We’re almost at the end! To run the script over a region, you can use your own WKT, a Polygon, a MultiPolygon, or a GeoDataFrame. Here’s a short snippet to do so using a WKT over Tomé Açu, Pará, Brazil:

if __name__ == "__main__":
    download_dir = "./data"

    # Define search parameters
    short_name = "MOD13Q1"
    version = "061"  # Latest version of MOD13Q1
    start_date = "2020-01-01"
    end_date = "2020-12-31"
    count = 1

    data_field = "250m 16 days NDVI"

    # Tomé Açu, Pará, Brazil
    region = wkt.loads(
        "POLYGON((-48.837 -1.83, -47.6921 -1.83, -47.6921 -3.3766, -48.837 -3.3766, -48.837 -1.83))"
    )

    files = download_earthaccess(
        download_dir=download_dir,
        short_name=short_name,
        version=version,
        start_date=start_date,
        end_date=end_date,
        region=region,
        count=count,
    )
    single_file = files[0]
    result = process_file(filepath=single_file, data_field=data_field, geometry=region)
    result.to_csv("output.csv", index=None)

The result is a vector representation of the pixel data in hdf format.

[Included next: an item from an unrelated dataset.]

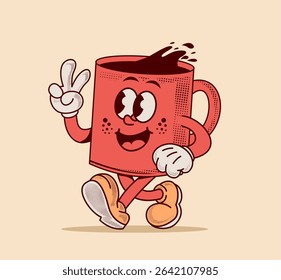 Cute retro coffee cup cartoon in vintage style. Perfect for stickers, prints, logos, posters. vector illustrations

|    |   ndvi | wkt                                                                                                                                                                                                              | date       |
|---:|-------:|:-----------------------------------------------------------------------------------------------------------------------------------------------------------------------------------------------------------------|:-----------|
|  0 | 0.8683 | POLYGON ((-48.83714832414897 -1.829547822299263, -48.83506392825065 -1.829547822299263, -48.835120680657546 -1.8316311556324096, -48.8372050789782 -1.8316311556324096, -48.83714832414897 -1.829547822299263))  | 2020-09-13 |
|  1 | 0.8683 | POLYGON ((-48.835063493911015 -1.829547822299263, -48.8329790980127 -1.829547822299263, -48.83303584799677 -1.8316311556324096, -48.83512024631741 -1.8316311556324096, -48.835063493911015 -1.829547822299263)) | 2020-09-13 |
|  2 | 0.849  | POLYGON ((-48.83297866367305 -1.829547822299263, -48.830894267774745 -1.829547822299263, -48.83095101533598 -1.8316311556324096, -48.83303541365662 -1.8316311556324096, -48.83297866367305 -1.829547822299263)) | 2020-09-13 |
|  3 | 0.7986 | POLYGON ((-48.8308938334351 -1.829547822299263, -48.828809437536776 -1.829547822299263, -48.82886618267518 -1.8316311556324096, -48.83095058099583 -1.8316311556324096, -48.8308938334351 -1.829547822299263))   | 2020-09-13 |
|  4 | 0.7986 | POLYGON ((-48.82880900319715 -1.829547822299263, -48.826724607298836 -1.829547822299263, -48.82678135001441 -1.8316311556324096, -48.82886574833505 -1.8316311556324096, -48.82880900319715 -1.829547822299263)) | 2020-09-13 |

The next image shows the vectorized pixels over Tomé Açu, Pará, Brazil, visualized in kepler.gl.

Conclusion

That’s it for this post! You can find all the code needed to replicate this in my code samples repository. It also includes scripts to run the routine for the same time window across different years and to download and process data for continuous time periods.